Federal regulators said on Wednesday that they would require railroads and oil shippers to use stronger tank cars to transport crude oil within two years.
The new rules lay out a speedier timetable than initially expected to phase out old cars in response to a spate of derailments and spills involving oil trains in the last year.
The timetable, which is faster than a similar effort in Canada to phase out older tank cars within three years, could put pressure on manufacturers to build or retrofit tank cars in time to meet the new mandate.
The rules by the Transportation Department offer a wide range of measures to enhance the safety of oil trains, some of which had already been adopted by railroads on a voluntary basis in recent months, like notifying state emergency responders about train traffic, reducing speed limits or picking the safest route.

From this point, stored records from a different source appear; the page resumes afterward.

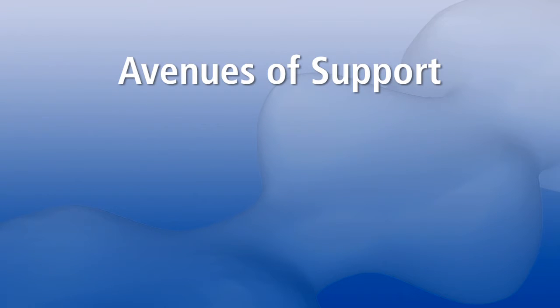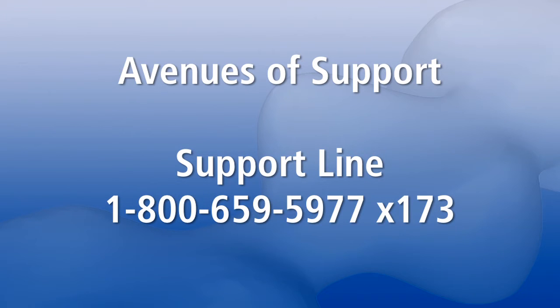Sirona is always available to assist with your InLab 3D needs. Should you need assistance during the setup of your new software or in the model ordering process, please call our support line at 1-800-659-5977, extension 173.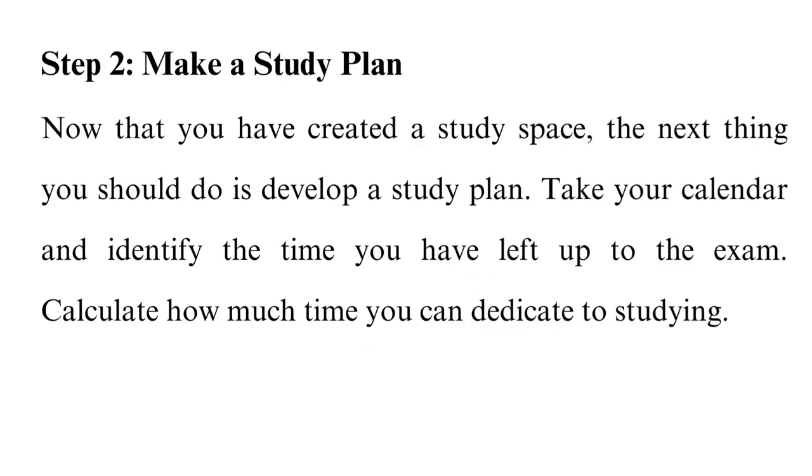Step 2: Make a study plan. Now that you have created a study space, the next thing you should do is develop a study plan. Take your calendar and identify the time you have left up to the exam. Calculate how much time you can dedicate to studying. Be realistic when setting the plan — know that you need time to sleep, relax, eat, etc. So you should also set time for these activities when making the study plan.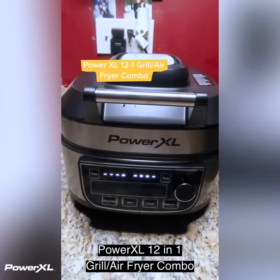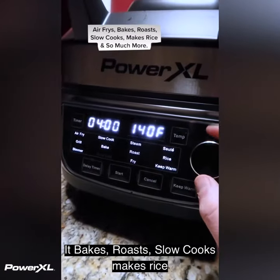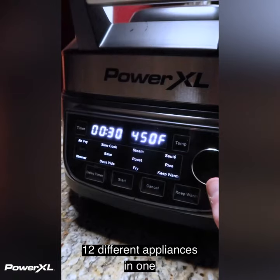Power XL 12-in-1 grill slash air fryer combo. This thing is so much more than an air fryer — it bakes, roasts, slow cooks, makes rice, so much more. 12 different appliances in one.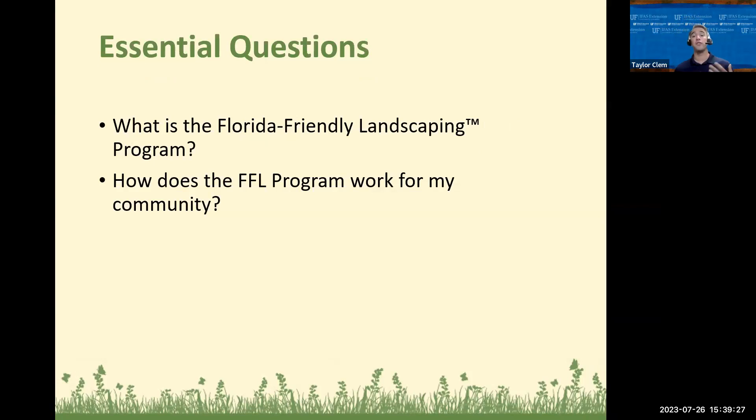As part of today's program, I want us to be able to answer two big questions: What is the Florida-Friendly Landscaping Program? And how does the FFL program work for my community? It's important to know that the FFL program is a great way to think about its role within our community, and that's what today's program is predominantly about.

After a series of derailments, many local and state officials have expressed concern about the rapid rise of oil train traffic across the country. Many critics have called for retiring older tank cars that have been vulnerable to puncturing and exploding in a crash. Making things worse, the kind of oil that comes out of the Bakken region — which includes shale fields in North Dakota — is particularly flammable and prone to explosion.
Under the new rules, tank cars used for crude oil, ethanol and other petroleum products would require thicker steel shielding and better thermal protection, and would have to be fitted with more crash-resistant valves. Older models that cannot be refitted with these features would have to be retired or used for less hazardous materials.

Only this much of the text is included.